Problem to solve: Copy, please, the line with "Baltimore Female Escorts" and each line that follows it through the end of the data below, exactly as given and without pictures.

Provided data:
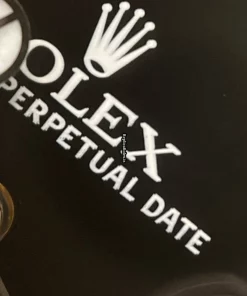 Nice Fake Rolex Submariner Date 116610ln Caliber 3135 Automatic Movement 40mm Steel Case Mens/unisex Watch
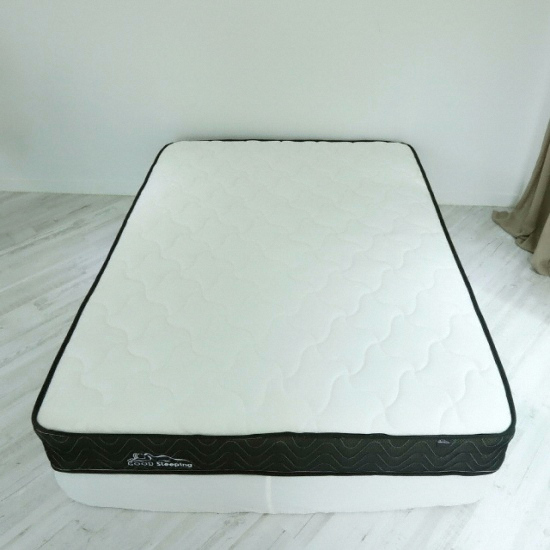 ��Ƽ�밡�� ����Ʈ ���� ���� ���������� ��Ʈ���� SS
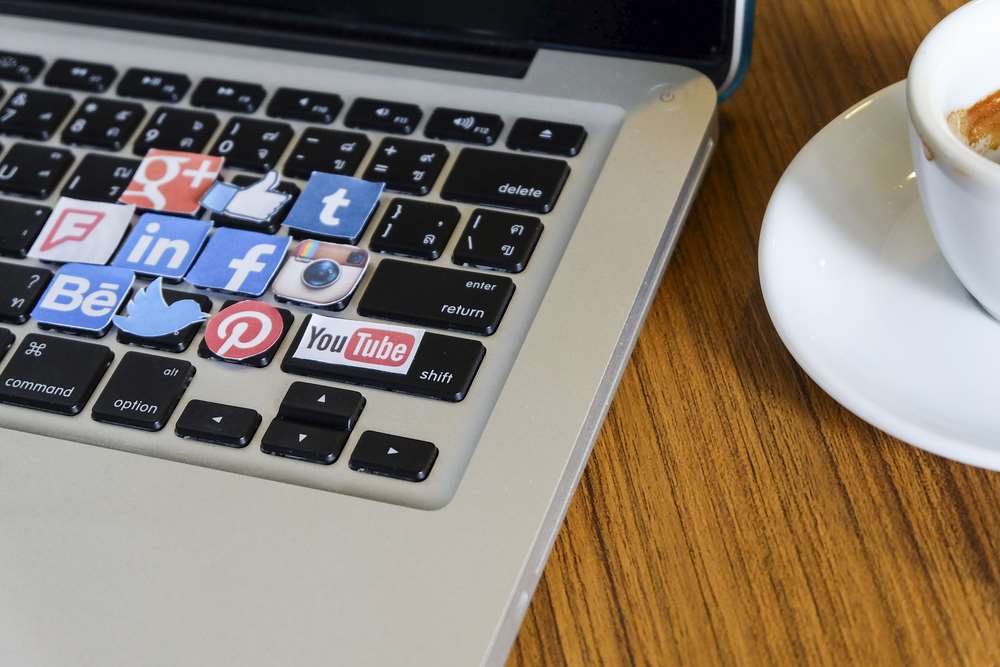 Featured image for article about Technology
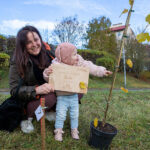 20211023_Finał-Akcji-Jedno-Dziecko—Jedno-Drzewo-w-Kwidzynie_foto183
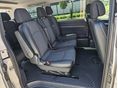 MERCEDES-BENZ VITO 2012/3 - 5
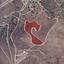 land for sale pentalia paphos 1810792 thumbnail 15597745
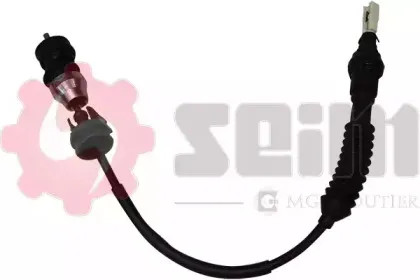 seim-101331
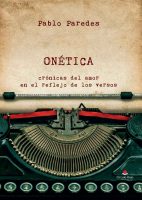 onetica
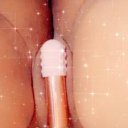 Baltimore Female Escorts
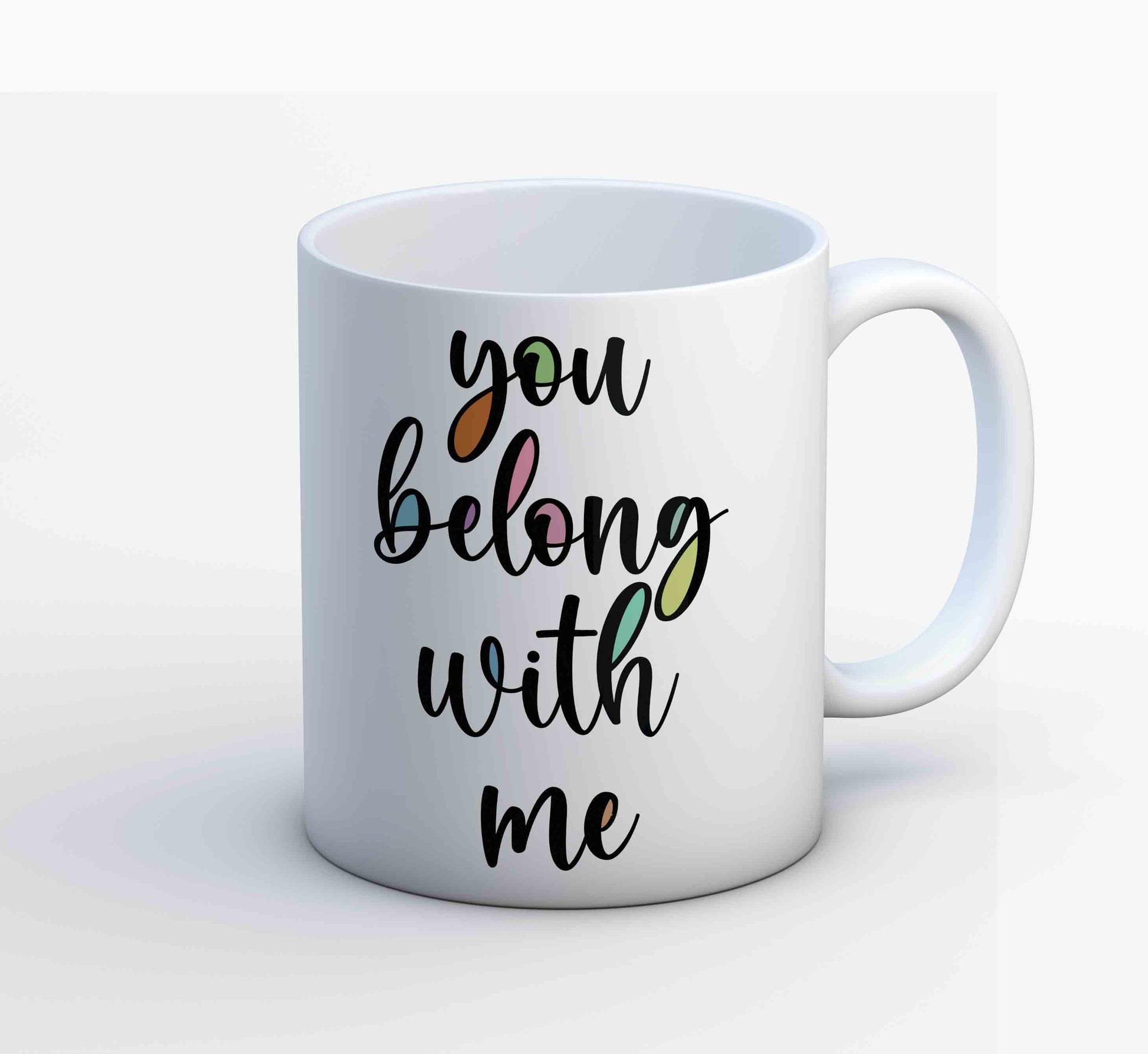 taylor swift you belong with me mug coffee ceramic music band buy online india the banyan tee tbt men women girls boys unisex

Solution for this problem:
 Baltimore Female Escorts
 taylor swift you belong with me mug coffee ceramic music band buy online india the banyan tee tbt men women girls boys unisex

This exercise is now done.